13. DU BARON DE GRIMM.

Le 28 novembre 1783.



Sire,

Mon premier soin, après avoir reçu la lettre dont il a plu à Votre Majesté de m'honorer le 11 de ce mois, a été de m'acquitter de l'ordre qu'elle renfermait relativement à la correspondance dont M. d'Alembert a été honoré pendant une grande partie de sa vie. J'ai cru devoir m'adresser à ce sujet à M. le marquis de Condorcet, que d'Alembert a nommé son légataire universel. Il m'a fait deux réponses. Par la première, il m'apprend que les lettres de V. M. sont entre les mains de M. Watelet,387-a de l'Académie française, l'un des exécuteurs testa<388>mentaires de M. d'Alembert. J'étais sur le point d'écrire à celui-ci, lorsqu'une seconde lettre de M. de Condorcet m'a paru rendre cette démarche inutile. Je prends la liberté, Sire, de mettre ces deux lettres sous les yeux de V. M., quoiqu'elles n'aient pas été écrites à cette fin; elles serviront à prouver à V. M. ma ponctualité à exécuter ses ordres, et encore que ces ordres seront respectés par les dépositaires de la correspondance.

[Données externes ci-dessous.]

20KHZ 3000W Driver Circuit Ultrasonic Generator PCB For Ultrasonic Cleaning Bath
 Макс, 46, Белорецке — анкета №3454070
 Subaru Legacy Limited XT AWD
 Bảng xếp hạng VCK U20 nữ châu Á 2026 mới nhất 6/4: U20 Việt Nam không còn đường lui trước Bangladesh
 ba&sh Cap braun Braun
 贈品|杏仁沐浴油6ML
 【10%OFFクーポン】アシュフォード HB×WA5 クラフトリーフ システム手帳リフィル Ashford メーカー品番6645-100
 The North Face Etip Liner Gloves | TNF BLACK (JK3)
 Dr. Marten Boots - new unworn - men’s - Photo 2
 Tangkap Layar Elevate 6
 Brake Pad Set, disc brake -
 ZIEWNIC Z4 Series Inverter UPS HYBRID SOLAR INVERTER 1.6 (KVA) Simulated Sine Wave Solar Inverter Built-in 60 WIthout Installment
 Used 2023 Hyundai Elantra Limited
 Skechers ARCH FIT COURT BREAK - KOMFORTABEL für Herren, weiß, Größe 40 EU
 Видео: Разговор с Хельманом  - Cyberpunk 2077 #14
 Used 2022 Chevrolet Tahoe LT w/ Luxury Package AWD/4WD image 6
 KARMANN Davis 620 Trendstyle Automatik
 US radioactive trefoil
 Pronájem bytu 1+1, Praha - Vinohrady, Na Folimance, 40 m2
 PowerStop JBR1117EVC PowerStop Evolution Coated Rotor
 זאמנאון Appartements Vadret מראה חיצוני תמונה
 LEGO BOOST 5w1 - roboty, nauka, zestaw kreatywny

Le marquis de Condorcet, secrétaire perpétuel de l'Académie royale des sciences, l'un des quarante de l'Académie française, est d'une ancienne noblesse du royaume; il vient de perdre son oncle, qui était évêque de Lisieux. Son goût pour les sciences et les lettres l'a entraîné dès sa plus tendre enfance dans la carrière de la littérature, au lieu de suivre le métier des armes, auquel sa naissance semblait l'appeler. Il a été toute sa vie intimement lié avec M. d'Alembert. J'ai su de lui les derniers instants de ce philosophe, et j'ai été charmé d'apprendre que le calme et la tranquillité avaient reparu pendant les trois derniers jours, lorsque tout espoir de rétablissement l'eut abandonné. Je l'avais quitté, environ quinze jours avant sa mort, dans un tel état d'inquiétude, que j'en restai vivement affecté. On lui a trouvé une pierre grosse comme la moitié d'un œuf. Cette pierre n'était pas adhérente, et l'opération, suivant les apparences, en eût été facile; mais l'idée de la taille l'effarouchait si fort, il était si décidé à ne s'y point soumettre, qu'il ne voulut jamais être sondé, de peur d'acquérir la certitude de son mal. Son légataire a cru devoir se permettre, Sire, d'écrire à V. M. à l'occasion de ce triste événement; il m'a envoyé sa lettre sous cachet volant, et je la mets, dans l'état où je l'ai reçue, aux pieds de V. M.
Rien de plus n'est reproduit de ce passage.